Connie Beckers, a 52-year-old artist living in Minneapolis, Minn., says she has always been careful about her money. But she has been especially frugal since last fall, when her adjustable-rate mortgage reset, increasing her monthly payments by $300. She's now working two jobs to make ends meet.

"I have to work extra hard to make extra money," she said. "I live on a very, very tight budget. I shop at secondhand stores for my clothing. I don't buy anything new. Part of that is my choice, but it's also a financial thing."

Housing pressures may be weighing on consumers, but high energy and food costs are also a factor. According to AAA, regular unleaded gasoline is averaging $3.10 a gallon in the U.S., up from $2.99 a month ago and $2.28 a year ago.

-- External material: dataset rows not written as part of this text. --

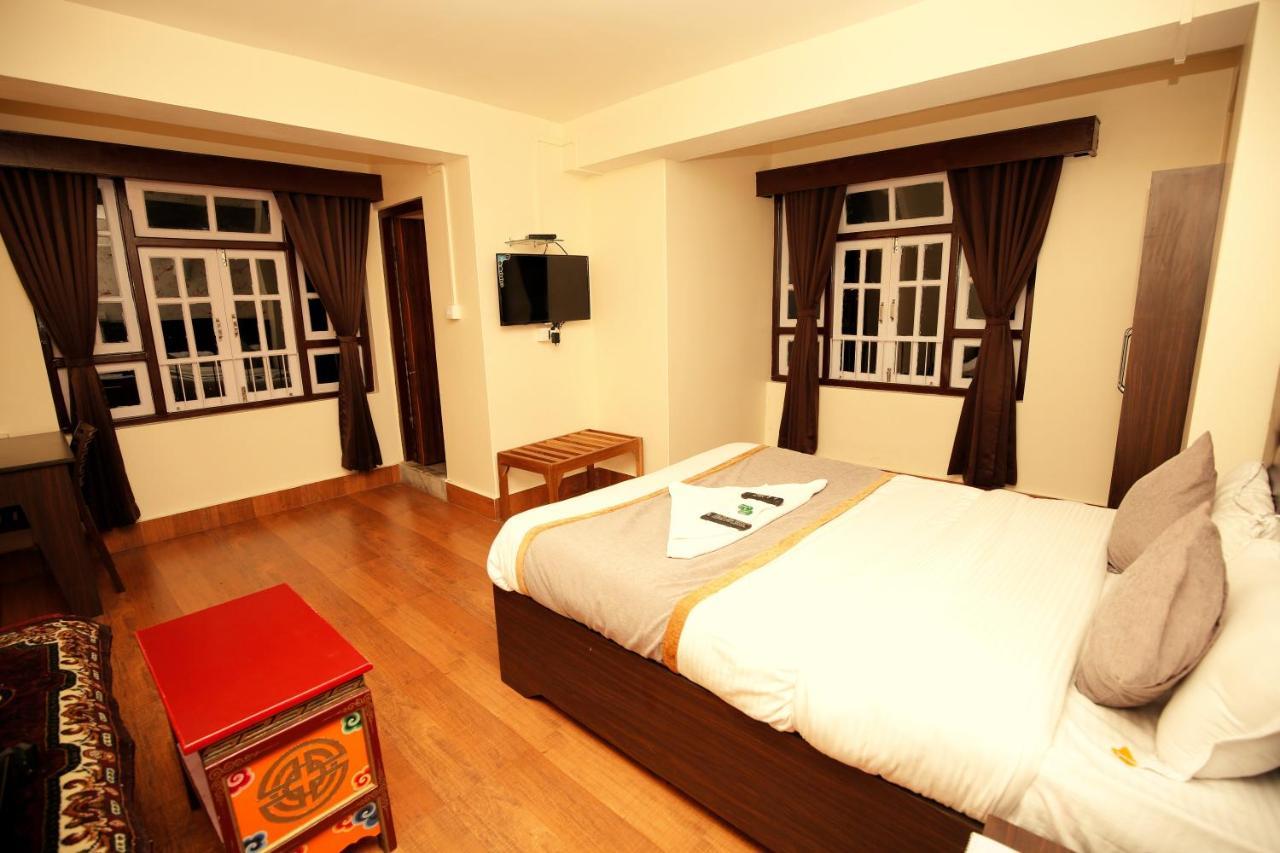 Hotel The Griffon'S Nest Gangtok Esterno foto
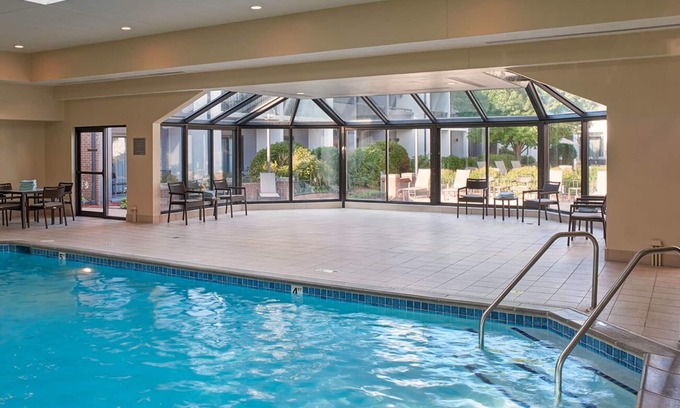 Eden Prairie Hotel | Experience Maximum Comfort! Spacious Unit, Indoor Pool, Pets Allowed with Fee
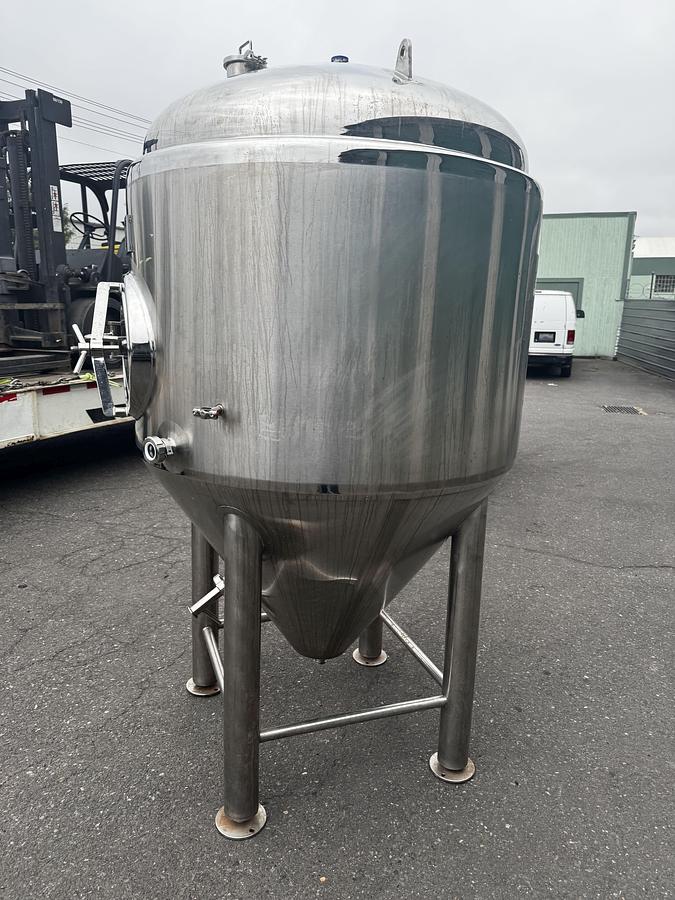 Used Used Stout 10 bbl/ 310Gal Fermenter storage tank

Dave Pastor, owner of Fletcher's Appliance in Nashua, N.H., believes that steep gasoline and home-heating costs are probably the biggest thing dipping into his sales. But he suspects consumer-credit woes may also be an issue.

"I'm sure debt is part of this," he says. "People always put stuff on credit cards. It used to be 75% [paid with cash], now it's the other way around. My gut feeling in talking with vendors is that it will be a soft year. People are just waiting, afraid."

The state of things is pushing some Americans into the so-called fringe economy, where consumers seek quick loans via check-cashing storefronts and pawnshops.

"Our typical loan used to be $60 to $100," says Dave Crume, CEO of Topeka, Kan.-based Capitol City Pawn & Jewelry, which runs pawnshops in Kansas and Nebraska. "We do see more people coming in that do need to borrow $400, $500, $1,000. Those are people that need the money for house and car payments and things like that."

"Whether or not we're in a recession we can debate all day," says Michael Goldstein, an international dealer of antique diamonds based in New York City. But he notes that record-high prices for gold have prompted many people to trade in their jewelry for cash.

"I just walked past one of the gold refiners, and there must have been 20 people waiting to see this guy," says Mr. Goldstein. "They're looking to cash in."

Shopping-guide publishers say that advertisers, mostly small businesses, are taking longer to make payments and that more accounts are going delinquent. Restaurants have also reported a sharp fall in sales, according to Oscar Sloterbeck, head of company surveys at investment firm ISI Group.

Yesterday, shares of McDonald's Corp. fell 6.6% after an independent analyst's survey pointed to weak U.S. store sales in December. Analysts at Friedman Billings Ramsey also issued a cautious report on the company.

Airlines and other travel-related businesses, on the other hand, appear to be holding up well, said Mr. Sloterbeck. That's partly thanks to an influx of European customers taking advantage of the weak dollar, but also due to strong demand from U.S. travelers. Figures from Smith Travel Research suggest the U.S. hotel business isn't seeing a spending slowdown.

But that, too, may change. Gerald R. Wonnacott, a 58-year-old from Corvallis, Ore., who tries to keep his credit-card balance at zero, is worried about the economy, and is curtailing spending across the board as a result. "I'm certainly driving less and when I think about vacations, I'm looking at less-expensive vacations," he says.